## GIVEN DATA

········

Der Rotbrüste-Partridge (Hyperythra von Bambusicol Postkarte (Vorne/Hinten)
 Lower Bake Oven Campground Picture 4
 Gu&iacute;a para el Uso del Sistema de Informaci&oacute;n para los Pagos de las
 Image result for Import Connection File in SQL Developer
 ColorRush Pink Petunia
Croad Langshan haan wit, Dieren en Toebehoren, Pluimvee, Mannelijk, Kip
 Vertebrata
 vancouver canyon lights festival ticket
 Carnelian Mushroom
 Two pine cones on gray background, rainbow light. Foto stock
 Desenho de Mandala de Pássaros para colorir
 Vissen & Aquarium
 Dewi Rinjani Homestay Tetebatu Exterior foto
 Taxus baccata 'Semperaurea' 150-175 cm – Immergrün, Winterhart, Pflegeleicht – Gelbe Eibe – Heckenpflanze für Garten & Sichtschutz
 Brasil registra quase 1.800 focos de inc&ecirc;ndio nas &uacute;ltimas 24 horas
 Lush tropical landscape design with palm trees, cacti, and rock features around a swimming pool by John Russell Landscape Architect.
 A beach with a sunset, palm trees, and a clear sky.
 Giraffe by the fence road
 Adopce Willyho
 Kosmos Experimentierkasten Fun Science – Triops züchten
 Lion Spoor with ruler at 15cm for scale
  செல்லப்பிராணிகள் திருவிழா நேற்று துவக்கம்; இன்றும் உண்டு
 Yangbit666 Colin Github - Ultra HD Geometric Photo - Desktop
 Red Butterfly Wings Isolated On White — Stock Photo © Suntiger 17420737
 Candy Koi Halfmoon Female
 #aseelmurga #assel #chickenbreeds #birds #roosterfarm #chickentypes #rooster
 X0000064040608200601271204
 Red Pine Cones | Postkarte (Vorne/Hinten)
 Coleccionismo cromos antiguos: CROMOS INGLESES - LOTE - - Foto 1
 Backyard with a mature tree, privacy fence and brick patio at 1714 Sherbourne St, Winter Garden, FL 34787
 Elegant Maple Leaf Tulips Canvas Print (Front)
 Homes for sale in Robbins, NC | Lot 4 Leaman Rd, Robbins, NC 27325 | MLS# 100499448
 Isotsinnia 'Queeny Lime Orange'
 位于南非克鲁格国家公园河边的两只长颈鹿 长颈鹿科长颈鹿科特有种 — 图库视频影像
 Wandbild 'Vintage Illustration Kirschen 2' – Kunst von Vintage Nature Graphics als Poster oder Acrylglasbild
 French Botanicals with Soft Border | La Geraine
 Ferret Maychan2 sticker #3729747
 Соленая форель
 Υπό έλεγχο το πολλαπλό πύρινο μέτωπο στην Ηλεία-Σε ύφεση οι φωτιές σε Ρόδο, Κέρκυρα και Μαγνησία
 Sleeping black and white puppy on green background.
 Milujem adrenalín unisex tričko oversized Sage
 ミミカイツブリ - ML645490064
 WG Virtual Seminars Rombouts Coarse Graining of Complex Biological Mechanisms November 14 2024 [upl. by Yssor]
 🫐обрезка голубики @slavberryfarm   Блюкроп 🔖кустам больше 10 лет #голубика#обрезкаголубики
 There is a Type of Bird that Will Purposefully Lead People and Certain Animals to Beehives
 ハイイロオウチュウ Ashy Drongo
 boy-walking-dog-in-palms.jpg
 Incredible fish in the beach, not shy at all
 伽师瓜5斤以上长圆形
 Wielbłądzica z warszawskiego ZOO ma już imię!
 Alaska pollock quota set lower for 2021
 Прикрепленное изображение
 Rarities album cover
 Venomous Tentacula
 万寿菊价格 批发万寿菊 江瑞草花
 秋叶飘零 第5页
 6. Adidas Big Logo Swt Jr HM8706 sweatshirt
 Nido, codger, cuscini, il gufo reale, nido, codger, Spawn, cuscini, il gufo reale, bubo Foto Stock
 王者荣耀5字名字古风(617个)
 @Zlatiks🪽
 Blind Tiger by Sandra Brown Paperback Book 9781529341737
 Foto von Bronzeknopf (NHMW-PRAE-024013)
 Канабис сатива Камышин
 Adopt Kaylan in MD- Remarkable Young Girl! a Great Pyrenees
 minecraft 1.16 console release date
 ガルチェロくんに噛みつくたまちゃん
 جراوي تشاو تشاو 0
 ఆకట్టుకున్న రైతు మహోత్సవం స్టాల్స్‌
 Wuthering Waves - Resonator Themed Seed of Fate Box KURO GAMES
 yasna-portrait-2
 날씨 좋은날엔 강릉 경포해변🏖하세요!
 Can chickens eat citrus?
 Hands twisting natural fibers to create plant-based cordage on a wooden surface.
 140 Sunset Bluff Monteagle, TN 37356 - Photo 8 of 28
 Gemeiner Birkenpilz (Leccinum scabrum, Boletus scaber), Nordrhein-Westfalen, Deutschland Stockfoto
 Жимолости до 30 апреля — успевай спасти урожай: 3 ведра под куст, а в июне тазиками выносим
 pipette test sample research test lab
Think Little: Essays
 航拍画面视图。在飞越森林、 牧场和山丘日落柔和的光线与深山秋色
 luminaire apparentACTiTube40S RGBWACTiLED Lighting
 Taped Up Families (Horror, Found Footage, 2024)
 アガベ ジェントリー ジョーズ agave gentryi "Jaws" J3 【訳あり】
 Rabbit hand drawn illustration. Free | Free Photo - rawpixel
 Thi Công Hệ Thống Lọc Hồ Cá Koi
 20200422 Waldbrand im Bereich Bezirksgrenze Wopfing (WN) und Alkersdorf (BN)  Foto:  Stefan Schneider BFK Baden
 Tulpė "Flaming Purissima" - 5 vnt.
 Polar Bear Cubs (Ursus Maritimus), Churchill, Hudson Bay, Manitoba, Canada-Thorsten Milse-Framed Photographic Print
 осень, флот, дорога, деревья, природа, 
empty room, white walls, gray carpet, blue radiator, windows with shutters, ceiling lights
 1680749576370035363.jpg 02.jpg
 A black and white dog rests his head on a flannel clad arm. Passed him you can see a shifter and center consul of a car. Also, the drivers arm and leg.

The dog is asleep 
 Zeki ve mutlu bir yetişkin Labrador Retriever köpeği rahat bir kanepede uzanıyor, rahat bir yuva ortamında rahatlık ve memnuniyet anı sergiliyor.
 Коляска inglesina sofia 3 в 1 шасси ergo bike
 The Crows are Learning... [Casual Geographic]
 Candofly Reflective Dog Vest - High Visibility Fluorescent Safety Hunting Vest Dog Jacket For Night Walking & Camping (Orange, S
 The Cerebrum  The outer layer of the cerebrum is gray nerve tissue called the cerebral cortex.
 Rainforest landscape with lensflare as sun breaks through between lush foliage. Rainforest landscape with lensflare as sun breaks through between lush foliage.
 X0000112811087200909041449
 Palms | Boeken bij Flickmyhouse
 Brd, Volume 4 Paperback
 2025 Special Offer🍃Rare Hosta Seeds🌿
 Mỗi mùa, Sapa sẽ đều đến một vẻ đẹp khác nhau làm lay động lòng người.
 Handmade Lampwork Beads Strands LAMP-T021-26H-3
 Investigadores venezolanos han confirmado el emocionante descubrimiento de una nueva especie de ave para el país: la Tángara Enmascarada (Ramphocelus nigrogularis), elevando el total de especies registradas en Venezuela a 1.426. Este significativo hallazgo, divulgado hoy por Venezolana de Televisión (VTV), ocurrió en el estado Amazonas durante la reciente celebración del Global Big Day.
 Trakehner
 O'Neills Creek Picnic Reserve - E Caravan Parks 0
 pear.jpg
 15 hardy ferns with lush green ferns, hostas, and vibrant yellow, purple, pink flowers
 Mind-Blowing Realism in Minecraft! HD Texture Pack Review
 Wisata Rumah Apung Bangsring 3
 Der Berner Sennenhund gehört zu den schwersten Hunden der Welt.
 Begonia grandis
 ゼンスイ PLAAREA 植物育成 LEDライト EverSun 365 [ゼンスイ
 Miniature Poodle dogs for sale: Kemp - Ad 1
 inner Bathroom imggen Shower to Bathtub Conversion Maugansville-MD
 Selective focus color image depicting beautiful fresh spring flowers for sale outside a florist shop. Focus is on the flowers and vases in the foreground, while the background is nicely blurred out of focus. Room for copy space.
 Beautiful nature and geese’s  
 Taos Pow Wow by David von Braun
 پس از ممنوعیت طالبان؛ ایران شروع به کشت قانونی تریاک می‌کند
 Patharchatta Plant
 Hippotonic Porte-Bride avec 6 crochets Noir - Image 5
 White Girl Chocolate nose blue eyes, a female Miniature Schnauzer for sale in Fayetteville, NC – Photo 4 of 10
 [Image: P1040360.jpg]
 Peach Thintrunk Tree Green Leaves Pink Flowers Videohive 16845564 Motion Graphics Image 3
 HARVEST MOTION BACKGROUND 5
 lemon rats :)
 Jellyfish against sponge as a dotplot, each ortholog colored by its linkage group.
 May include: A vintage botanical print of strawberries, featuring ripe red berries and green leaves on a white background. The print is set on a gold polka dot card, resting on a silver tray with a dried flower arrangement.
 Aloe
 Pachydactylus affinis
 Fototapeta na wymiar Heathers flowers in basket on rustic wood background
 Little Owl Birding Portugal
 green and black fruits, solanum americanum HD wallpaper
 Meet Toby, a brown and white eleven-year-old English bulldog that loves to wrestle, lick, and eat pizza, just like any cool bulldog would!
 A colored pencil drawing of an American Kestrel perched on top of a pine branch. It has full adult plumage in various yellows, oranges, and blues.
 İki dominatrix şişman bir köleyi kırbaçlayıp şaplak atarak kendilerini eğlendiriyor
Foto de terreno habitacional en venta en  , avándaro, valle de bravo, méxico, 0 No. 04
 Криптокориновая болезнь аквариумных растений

········

## PROBLEM TO WORK ON
Reproduce exactly, with nothing added, the lines from the one that contains "Selective focus color" to the end of the data.

## ANSWER SPACE
 Selective focus color image depicting beautiful fresh spring flowers for sale outside a florist shop. Focus is on the flowers and vases in the foreground, while the background is nicely blurred out of focus. Room for copy space.
 Beautiful nature and geese’s  
 Taos Pow Wow by David von Braun
 پس از ممنوعیت طالبان؛ ایران شروع به کشت قانونی تریاک می‌کند
 Patharchatta Plant
 Hippotonic Porte-Bride avec 6 crochets Noir - Image 5
 White Girl Chocolate nose blue eyes, a female Miniature Schnauzer for sale in Fayetteville, NC – Photo 4 of 10
 [Image: P1040360.jpg]
 Peach Thintrunk Tree Green Leaves Pink Flowers Videohive 16845564 Motion Graphics Image 3
 HARVEST MOTION BACKGROUND 5
 lemon rats :)
 Jellyfish against sponge as a dotplot, each ortholog colored by its linkage group.
 May include: A vintage botanical print of strawberries, featuring ripe red berries and green leaves on a white background. The print is set on a gold polka dot card, resting on a silver tray with a dried flower arrangement.
 Aloe
 Pachydactylus affinis
 Fototapeta na wymiar Heathers flowers in basket on rustic wood background
 Little Owl Birding Portugal
 green and black fruits, solanum americanum HD wallpaper
 Meet Toby, a brown and white eleven-year-old English bulldog that loves to wrestle, lick, and eat pizza, just like any cool bulldog would!
 A colored pencil drawing of an American Kestrel perched on top of a pine branch. It has full adult plumage in various yellows, oranges, and blues.
 İki dominatrix şişman bir köleyi kırbaçlayıp şaplak atarak kendilerini eğlendiriyor
Foto de terreno habitacional en venta en  , avándaro, valle de bravo, méxico, 0 No. 04
 Криптокориновая болезнь аквариумных растений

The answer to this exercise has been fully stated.